Auch Norbert Neininger, Verleger und Chefredaktor der „Schaffhauser Nachrichten“, schliesst sich einem breiten Begriff von Medienkritik an: „ Als Verleger und Chefredaktor ist jede inhaltliche Auseinandersetzung mit unserer Arbeit spannend. Weit interessanter aber ist die Diskussion über die Rolle und Funktion der Medien im Wandel der Zeiten und Gesellschaftsformen.“

Eine Auseinandersetzung mit den Medien auf der sogenannten Metaebene ist für die meisten angesprochenen Medienschaffenden von grosser Bedeutung. Gerade im digitalen Zeitalter, in dem die Medien immer mehr unter wirtschaftlichem und technologischem Druck stehen, ist eine kritische Auseinandersetzung mit der vierten Gewalt wichtig, findet Thom Nagy, Projektleiter Social Media NZZ Online. „Die Strategien im Umgang mit diesem Druck fallen sehr unterschiedlich aus, das gilt es kritisch zu beleuchten und in einen grösseren Zusammenhang zu bringen.“

Nicht alles was Medien kritisiert, ist Medienkritik

Medien und Medienschaffende werden vielfältig kritisiert. Mal die Lippenstiftfarbe einer Moderatorin, mal eine fragwürdige Quelle, mal versteckte Werbung und mal ein fehlender Buchstabe. Gilt dies alles als Medienkritik? „Nicht zur Medienkritik würde ich Blog-Einträge und Wortmeldungen in Social Media zählen, die spitzfindig auf Schreibfehler aufmerksam machen“, so Nagy. „Das ist zwar durchaus unterhaltsam, hilft mitunter auch der formalen Qualität, trägt aber nicht wirklich zu einem grösseren Erkenntnisgewinn bei. Ausser vielleicht dem, dass Journalisten auch nur Menschen sind.“

Auch Michèle Binswanger, Schweizer Journalistin des Jahres 2010, sieht nicht jede Kritik an Medien automatisch als Medienkritik. „Das allgemeine Medienbashing ‚Journalisten sind heute schlecht‘ oder ‚die Medien machen xy‘ gehört für mich nicht dazu.“ Eine kritische Auseinandersetzung wird verlangt, der eine analytische und auf konkrete Fälle bezogene Berichterstattung folgt.

Medienkritisch aktiv

Dass Medienkritik ein wichtiger Bestandteil der Medienkompetenz ist, darin sind sich alle einig. Daher sind die befragten Medienschaffenden auch selbst medienkritisch aktiv. Diese Aktivitäten reichen von Äusserungen auf Social-Media-Plattformen wie Facebook und Twitter über Kolumnen bis hin zu persönlichen oder einem Medium angeschlossene Blogs. Neben dieser öffentlichen Medienkritik findet auch interne Medienkritik statt – sei es bei der Blattkritik oder in Diskussionen mit Kollegen.

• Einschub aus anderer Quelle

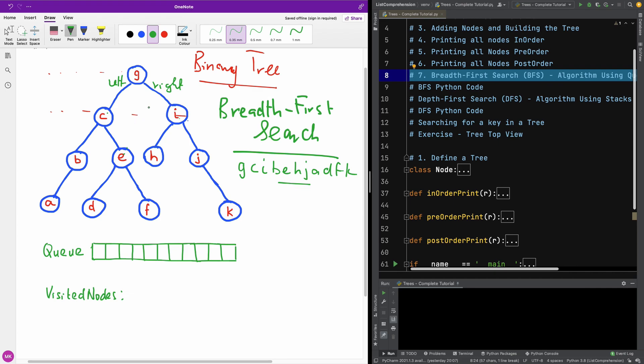Now, one question you may ask is, is there a relationship between this Breadth First Traversal and the three different Traversals we talked about in order, post-order and pre-order? Well, we are going to talk about this a little later. Let's just complete this algorithm for Breadth First Search.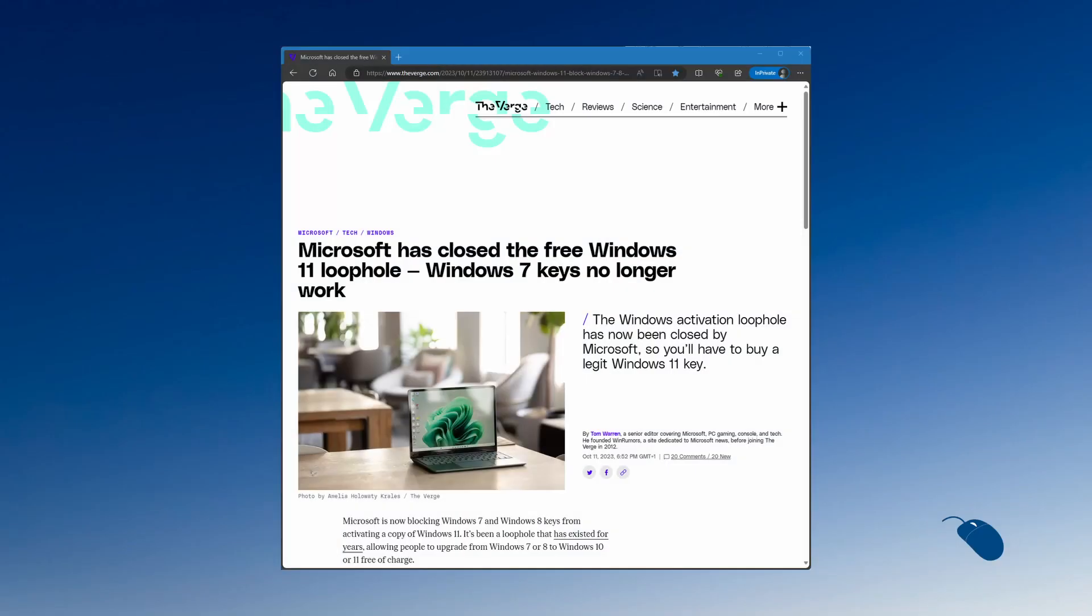Well it was good while it lasted, but the day has finally come when you can no longer use a Windows 7 product key to install and activate Windows 10 and Windows 11.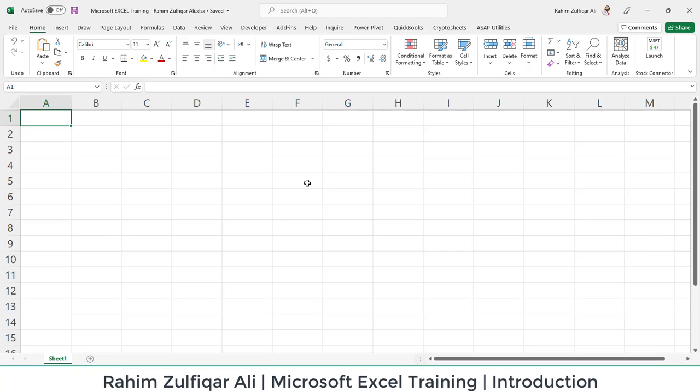Hi, this is Raheem Zulfiqar Ali. Let's get started with the very first module: Introduction to Microsoft Excel.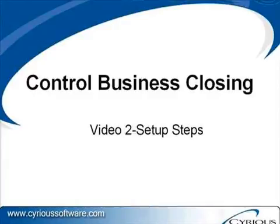Hello, this is Paul Cramey of Sirius Software. This is the second video in the three video series on business closing.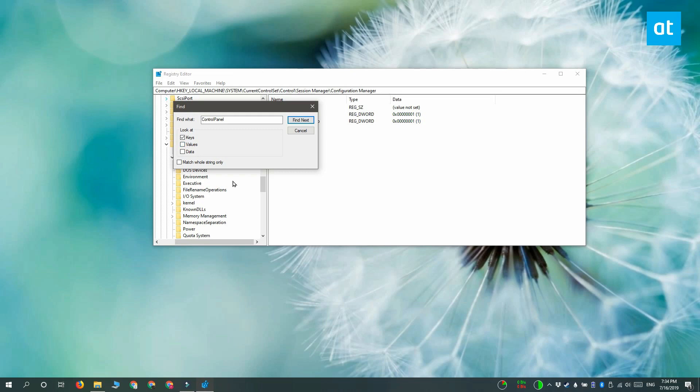If you want, you can match the whole string, or if the value that you entered in the search box is part of a value's name or a key's name, you can leave this option unchecked.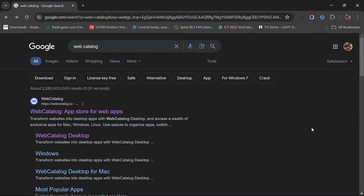Hello guys, in this video I'm going to show you how you can install TradingView for synthetic indices. It's very very simple. If you want to have an app on your computer for TradingView to trade synthetic indices, then this video is for you.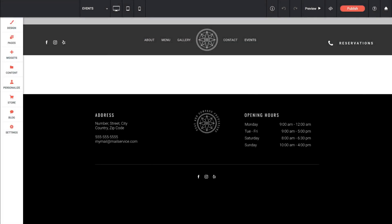I'm here on the blank events page that I set up in my last video, and I want to go ahead and start adding content to this page. We can do that by adding rows, columns, and sections.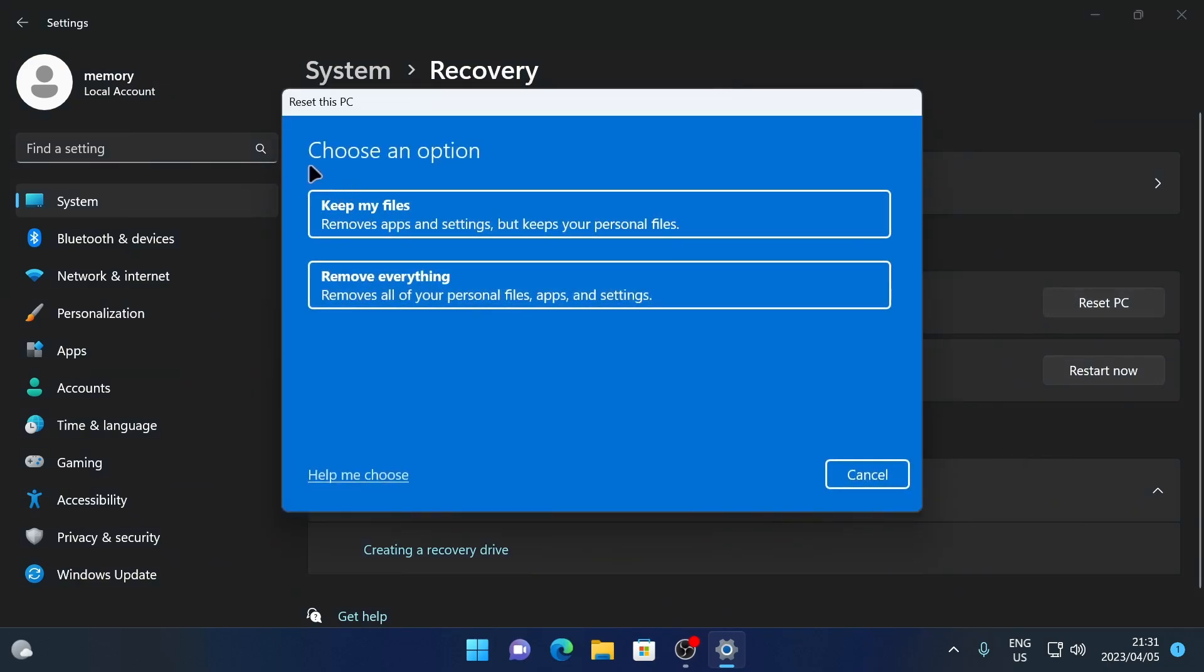Which will then give you the following options. The first one being Keep My Files, which removes all the apps and settings in your current installation of Windows 11, but it keeps all your personal files such as your documents, downloads, pictures, music, and whatever is saved on the desktop.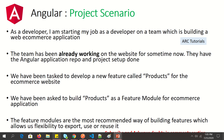Assuming that we are a developer starting a new job on a team that is building an e-commerce application — the team has already been working on the website for some time and has an Angular application repo and project setup done. This reflects most real-time use cases where you join a team already working on a project. I'm trying to mock the actual environment so you know how to go about building applications.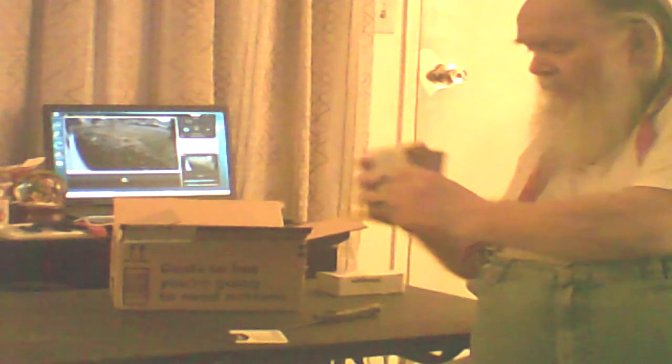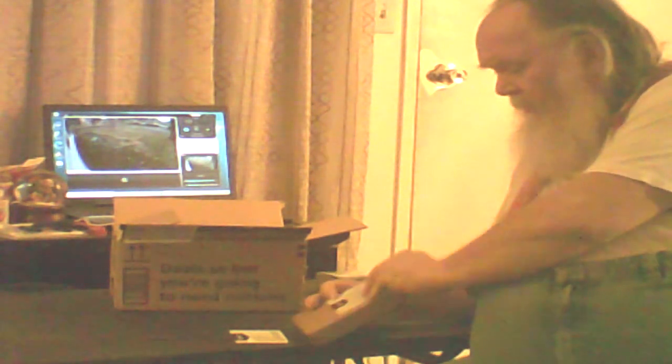Alrighty, Amazon Basics. Well that's running low on AAAs, let's see what else we got here.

Braucht es eine Definition?

Eine verbindliche Definition von Medienkritik gibt es also nicht und braucht es womöglich auch gar nicht. Allen Auffassungen gemein und wohl auch am wichtigsten ist es, dass medienkritische Äusserungen stets gut begründet und die Rahmenbedingungen nicht ausser Acht gelassen werden. Ob die Kritik von Journalisten, Laien oder Wissenschaftlern kommt und ob ein Artikel, ein Medium oder das gesamte Mediensystem betrachtet und kritisiert wird, spielt letztendlich eine sekundäre Rolle.